Kalid Kayo is Horn Updates' Explainers Editor. He specialises in producing in-depth, long-form explainers on the most complex questions in Horn of Africa politics — from the origins of Sudan's civil war to Ethiopia's Red Sea ambitions. He has deep expertise in Eritrean affairs and Red Sea strategic competition, areas he considers among the most analytically demanding in African journalism given how little verifiable information the Eritrean government releases.
Eritrea's strategic significance in the Horn is routinely underestimated. It sits on the Red Sea at the mouth of the Bab-el-Mandeb strait, one of the world's most important shipping chokepoints. Its president, Isaias Afwerki, has governed for over three decades without elections, has expelled most international NGOs, and has used a national service system that amounts to indefinite military conscription for hundreds of thousands of citizens. Yet Eritrea's alignment decisions — with Ethiopia, against Ethiopia, with Egypt, with the Gulf states — have shaped Horn security dynamics at critical moments. Understanding those decisions requires reading Eritrea not as a black box but as a state with its own strategic logic.

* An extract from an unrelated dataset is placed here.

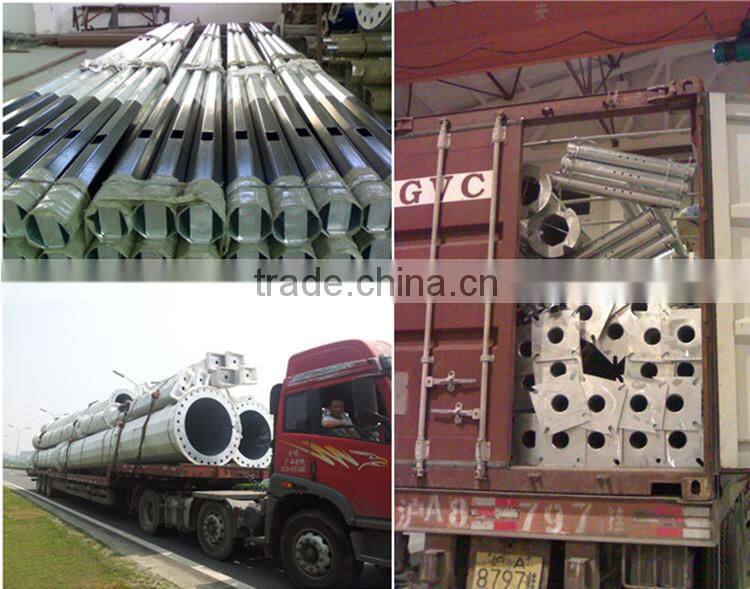 Galvanized Electric Substation Steel Structures for Power Transformer Substation Industry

Beyond Eritrea, Kalid covers the security architecture of the Horn more broadly: the interplay between national militaries and armed non-state groups, the role of Gulf state patronage in shaping Horn military politics, and the strategic competition between external powers in the Red Sea basin. He joined Horn Updates because Eritrea in particular suffers from a consistent failure of coverage — most international analysis stops at noting how closed the country is, rather than attempting to reason through its behaviour from the available evidence.
Eritrean domestic politics and the Isaias Afwerki government; Eritrea's role in the Tigray war and its aftermath; Red Sea strategic competition and Eritrea's coastline; the Horn's shifting alliance structures and the Egypt-Eritrea-Somalia axis; Gulf state military basing in the Horn; national service and Eritrean refugee flows; the geopolitics of the Bab-el-Mandeb and Djibouti's strategic position.